Notes for contributors

It’s easy to find datasets online. What’s more difficult is finding quality datasets that are suitable for specific training and development needs. On Real World Data Science we aim to solve that problem.

Our Datasets section will provide a curated list of recommended datasets along with detailed notes and guidance on what each dataset contains, how it is structured, and how best to make use of it. In particular, we want to highlight messy rather than pristine datasets – ones that capture the imperfections and oddities found in real-world data – so that users can practice not only data analysis and modelling, but data cleaning and preparation too!

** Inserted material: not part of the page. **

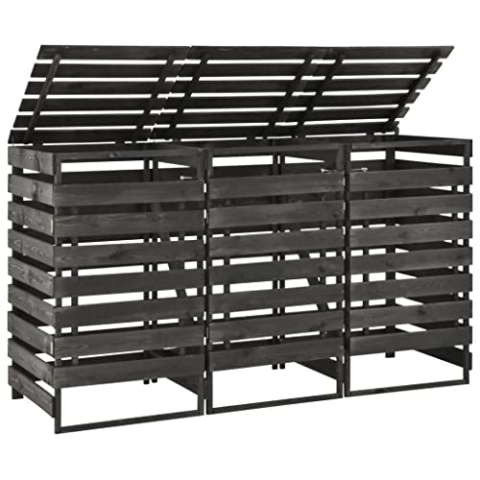 Bussandri Exclusive - Mülltonnenbox für 3 Tonnen 210x75x121 cm Kiefer Massivholz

If you have a dataset to recommend, your submission must cover the following areas:

  • Dataset name
  • Link to source
  • What data science tasks/methods can this dataset be used to demonstrate?
  • Have you used this dataset for your own teaching/learning? (see Advice and recommendations below)
  • Why was the dataset originally created?
  • When was it created?
  • Who created it?
  • Licences/restrictions?
  • Size of dataset
  • Data types/description
  • Real/synthetic data?

Advice and recommendations

Help others to make good use of your recommended dataset. If you’ve had experience using a recommended dataset for your own teaching and learning, please consider creating an exercise for platform users to complete. If you encountered the dataset as part of a training course, competition or exercise created by a third party, make sure to give them a namecheck.